Die HPV-Impfung ist für Kinder ab neun Jahren zugelassen. In dem Alter gehen Mädchen noch nicht zum Frauenarzt. Wie sind Sie bei der Impfung involviert?

Bankamp: Das stimmt, für einen regulären Frauenarzttermin sind die Mädchen noch zu jung. Aber ich impfe sie trotzdem gern. Das läuft in der Regel über die Mütter. Ich weiß, wie alt die Kinder meiner Patientinnen sind. Wenn die Kinder zehn oder elf Jahre alt sind, spreche ich die Mütter bei ihren eigenen Untersuchungen an und mache sie auf die Möglichkeit der HPV-Impfung für ihre Kinder aufmerksam. Die ist übrigens nicht nur für Mädchen, sondern auch für Jungen. Auch die dürfen natürlich zu mir kommen.

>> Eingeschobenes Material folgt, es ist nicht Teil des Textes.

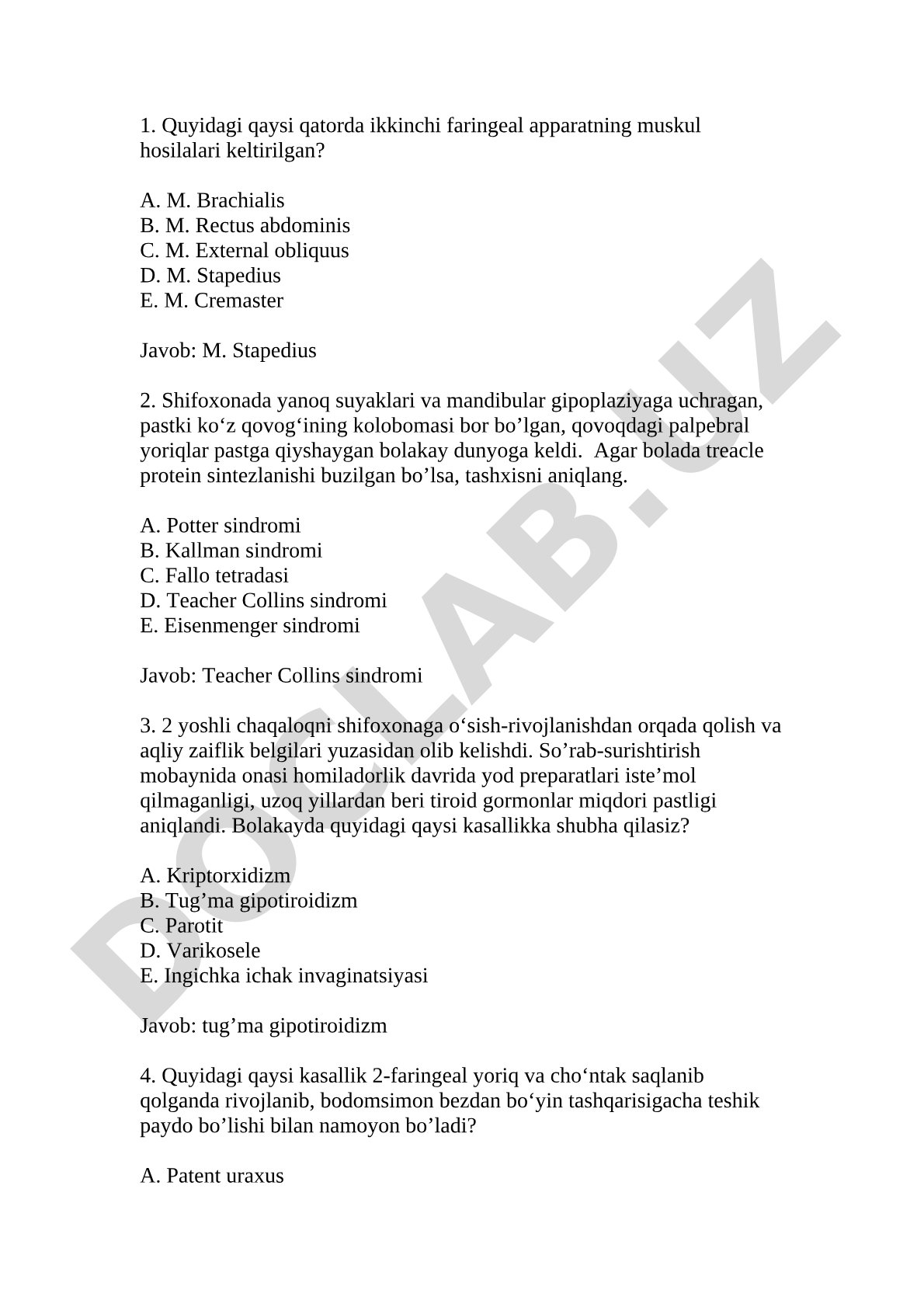 Tibbiyot test savollari: faringeal apparat va sindromlar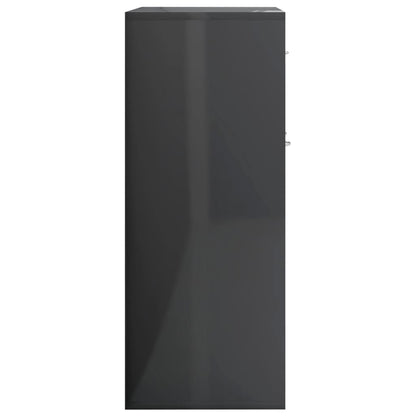 Sideboard High Gloss Grey 88x30x70 cm Chipboard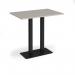Eros rectangular poseur table with flat black rectangular base and twin uprights 1200mm x 800mm - Light Grey EPR1200-K-LG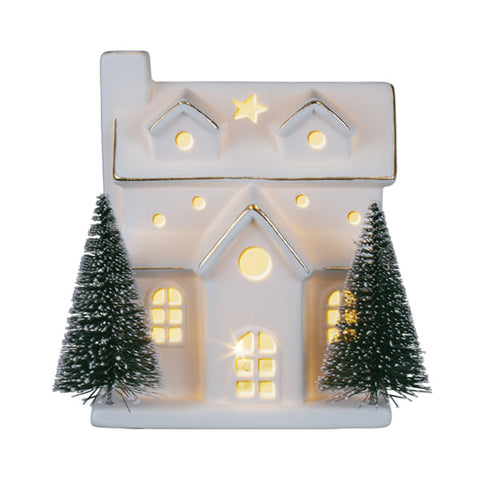 Lit Ceramic House With Trees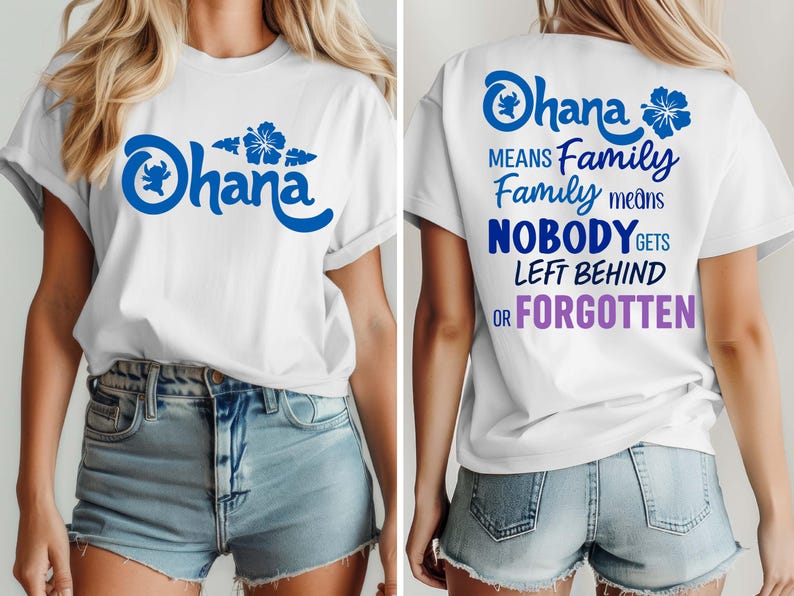 Disney Lilo & Stitch Ohana Means Family Shirt, Disney Stitch Shirt, Aloha Hawaii Tee, Magic Kingdom, Disneyland Family Matching Trip T-shirt
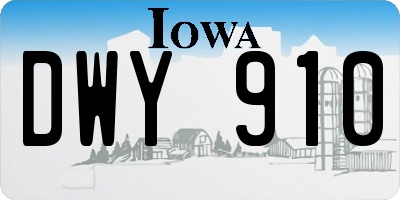 IA license plate DWY910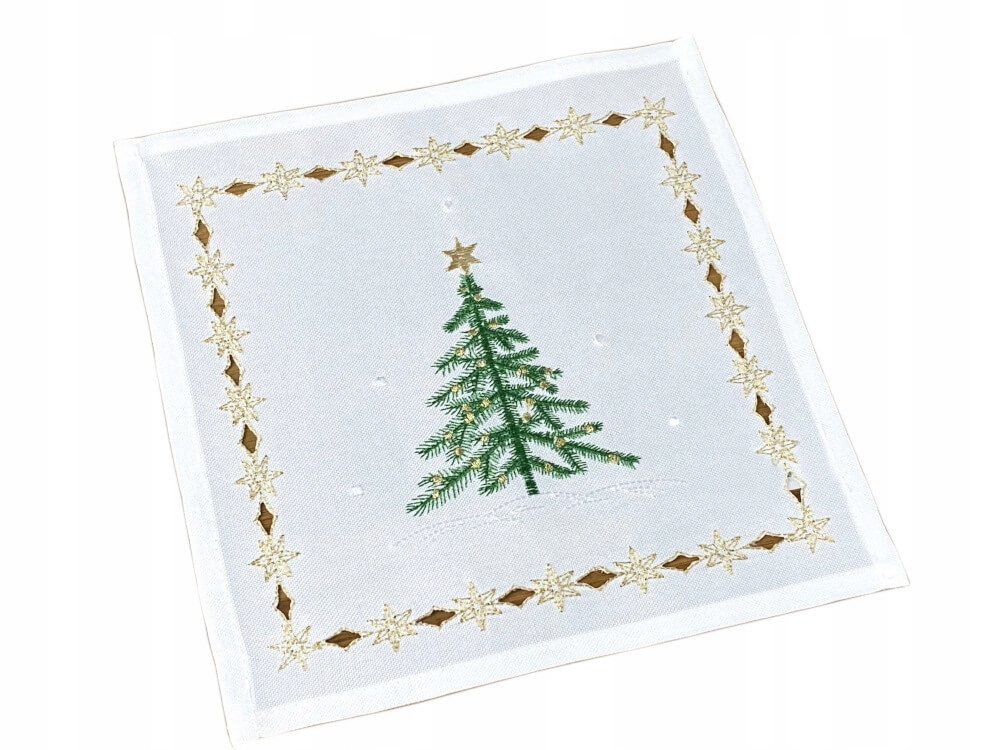 

Serwetka świąteczna 25x25 cm choinki biała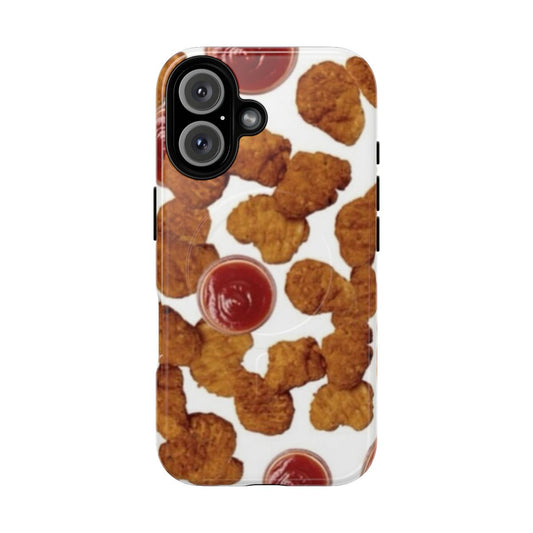 A tough, magnetic phone case featuring a vibrant chicken nugget design.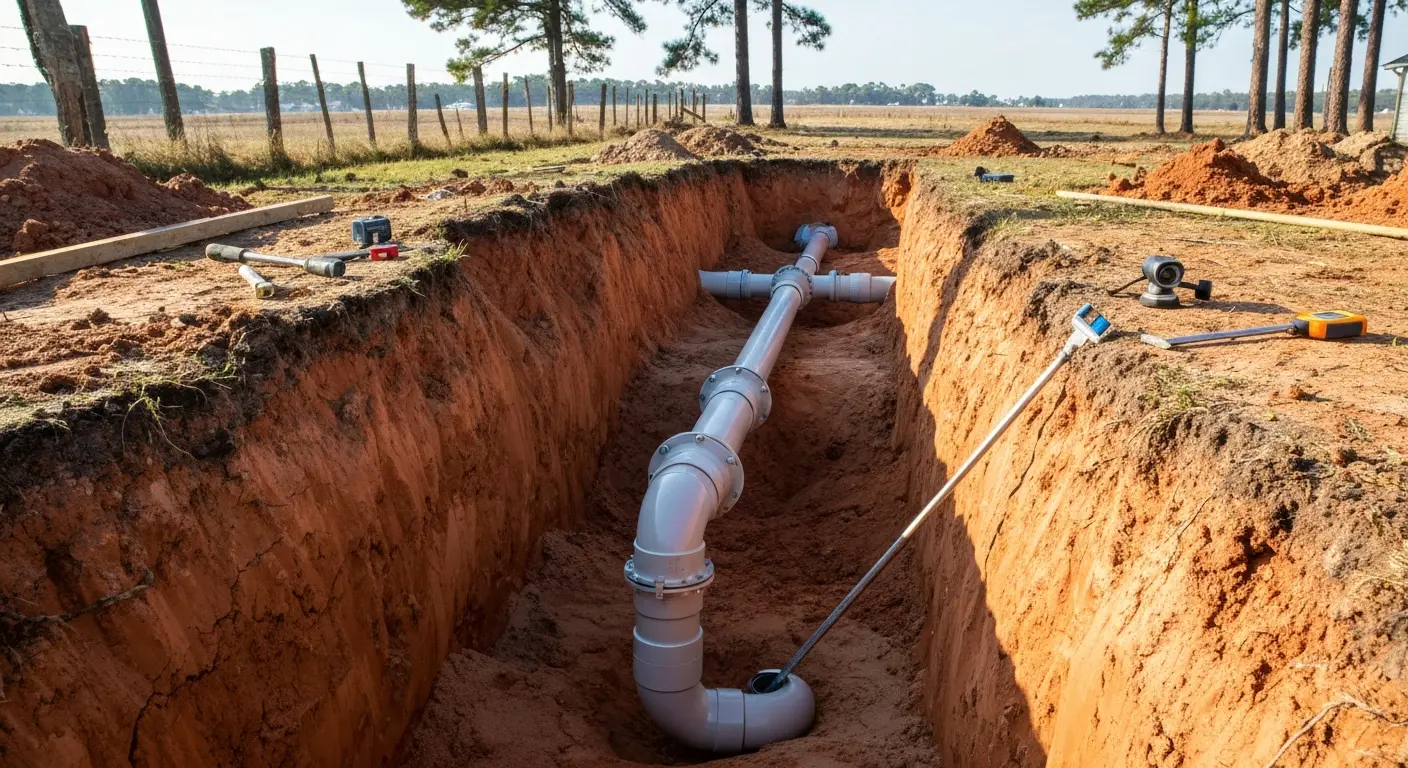 Septic system sewer line connection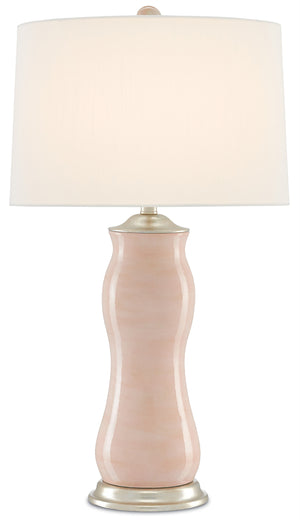Ondine Table Lamp - Elegant Blush Terracotta with Silver Leaf Finish & Off-White Shantung Shade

Die HPV-Impfung ist überwiegend zum Schutz vor Gebärmutterhalskrebs bekannt. Warum sollten Jungen auch geimpft werden?

Bankamp: Inzwischen sind zwei gute Gründe für die Impfung von Jungen bekannt. Erstens: Sie sind Überträger. Wenn Männer geschützt sind, schützen sie auch ihre Sexualpartnerinnen. Das ist vor allem eine Frage der Solidarität. Zweitens: Auch Männer können an den Viren erkranken. Das geht bis hin zu Krebs im Mund-Rachenraum oder am Penis. Die Fallzahlen sind zwar geringer als bei den Frauen, aber es gibt die Fälle durchaus. Wenn man das Risiko zumindest für bestimmte Krebsarten minimieren kann, sollte man die Chance nutzen.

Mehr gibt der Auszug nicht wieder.